**WHAT THE TASK ASKS**
Output each entry in full so that the result matches the data exactly.
[[ EXTRACTED MATERIAL open ]]
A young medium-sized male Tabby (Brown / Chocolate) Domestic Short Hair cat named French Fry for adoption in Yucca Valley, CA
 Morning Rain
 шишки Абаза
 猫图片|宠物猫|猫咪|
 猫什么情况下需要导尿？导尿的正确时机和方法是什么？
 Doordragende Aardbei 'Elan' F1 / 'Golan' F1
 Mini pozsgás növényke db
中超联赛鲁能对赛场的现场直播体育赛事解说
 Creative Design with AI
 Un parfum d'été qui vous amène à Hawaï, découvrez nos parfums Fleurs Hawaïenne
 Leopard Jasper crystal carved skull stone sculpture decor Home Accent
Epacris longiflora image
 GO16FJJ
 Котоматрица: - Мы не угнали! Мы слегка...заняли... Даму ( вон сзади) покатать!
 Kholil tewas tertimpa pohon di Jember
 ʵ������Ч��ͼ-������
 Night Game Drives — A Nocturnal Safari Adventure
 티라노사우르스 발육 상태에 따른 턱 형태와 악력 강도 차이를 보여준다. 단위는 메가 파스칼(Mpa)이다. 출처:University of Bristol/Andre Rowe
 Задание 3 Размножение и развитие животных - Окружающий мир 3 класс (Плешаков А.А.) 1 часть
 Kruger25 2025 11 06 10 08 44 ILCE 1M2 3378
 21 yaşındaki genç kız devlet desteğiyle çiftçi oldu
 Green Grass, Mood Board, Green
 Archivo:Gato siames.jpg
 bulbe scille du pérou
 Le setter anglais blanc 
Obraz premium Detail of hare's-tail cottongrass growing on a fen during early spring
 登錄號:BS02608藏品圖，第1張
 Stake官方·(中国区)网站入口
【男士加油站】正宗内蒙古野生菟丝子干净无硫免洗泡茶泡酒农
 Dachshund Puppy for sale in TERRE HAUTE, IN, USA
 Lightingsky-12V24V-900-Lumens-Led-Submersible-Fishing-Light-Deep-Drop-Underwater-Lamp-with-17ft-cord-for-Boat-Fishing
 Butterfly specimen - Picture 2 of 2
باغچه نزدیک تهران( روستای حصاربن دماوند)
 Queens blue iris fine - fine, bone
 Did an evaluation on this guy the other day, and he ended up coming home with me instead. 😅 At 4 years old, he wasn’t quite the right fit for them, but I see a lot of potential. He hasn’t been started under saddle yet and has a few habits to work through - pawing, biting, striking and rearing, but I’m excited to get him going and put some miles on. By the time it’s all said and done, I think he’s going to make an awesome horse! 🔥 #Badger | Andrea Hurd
[[ EXTRACTED MATERIAL closed ]]
**RESULT OF THE EXERCISE**
A young medium-sized male Tabby (Brown / Chocolate) Domestic Short Hair cat named French Fry for adoption in Yucca Valley, CA
 Morning Rain
 шишки Абаза
 猫图片|宠物猫|猫咪|
 猫什么情况下需要导尿？导尿的正确时机和方法是什么？
 Doordragende Aardbei 'Elan' F1 / 'Golan' F1
 Mini pozsgás növényke db
中超联赛鲁能对赛场的现场直播体育赛事解说
 Creative Design with AI
 Un parfum d'été qui vous amène à Hawaï, découvrez nos parfums Fleurs Hawaïenne
 Leopard Jasper crystal carved skull stone sculpture decor Home Accent
Epacris longiflora image
 GO16FJJ
 Котоматрица: - Мы не угнали! Мы слегка...заняли... Даму ( вон сзади) покатать!
 Kholil tewas tertimpa pohon di Jember
 ʵ������Ч��ͼ-������
 Night Game Drives — A Nocturnal Safari Adventure
 티라노사우르스 발육 상태에 따른 턱 형태와 악력 강도 차이를 보여준다. 단위는 메가 파스칼(Mpa)이다. 출처:University of Bristol/Andre Rowe
 Задание 3 Размножение и развитие животных - Окружающий мир 3 класс (Плешаков А.А.) 1 часть
 Kruger25 2025 11 06 10 08 44 ILCE 1M2 3378
 21 yaşındaki genç kız devlet desteğiyle çiftçi oldu
 Green Grass, Mood Board, Green
 Archivo:Gato siames.jpg
 bulbe scille du pérou
 Le setter anglais blanc 
Obraz premium Detail of hare's-tail cottongrass growing on a fen during early spring
 登錄號:BS02608藏品圖，第1張
 Stake官方·(中国区)网站入口
【男士加油站】正宗内蒙古野生菟丝子干净无硫免洗泡茶泡酒农
 Dachshund Puppy for sale in TERRE HAUTE, IN, USA
 Lightingsky-12V24V-900-Lumens-Led-Submersible-Fishing-Light-Deep-Drop-Underwater-Lamp-with-17ft-cord-for-Boat-Fishing
 Butterfly specimen - Picture 2 of 2
باغچه نزدیک تهران( روستای حصاربن دماوند)
 Queens blue iris fine - fine, bone
 Did an evaluation on this guy the other day, and he ended up coming home with me instead. 😅 At 4 years old, he wasn’t quite the right fit for them, but I see a lot of potential. He hasn’t been started under saddle yet and has a few habits to work through - pawing, biting, striking and rearing, but I’m excited to get him going and put some miles on. By the time it’s all said and done, I think he’s going to make an awesome horse! 🔥 #Badger | Andrea Hurd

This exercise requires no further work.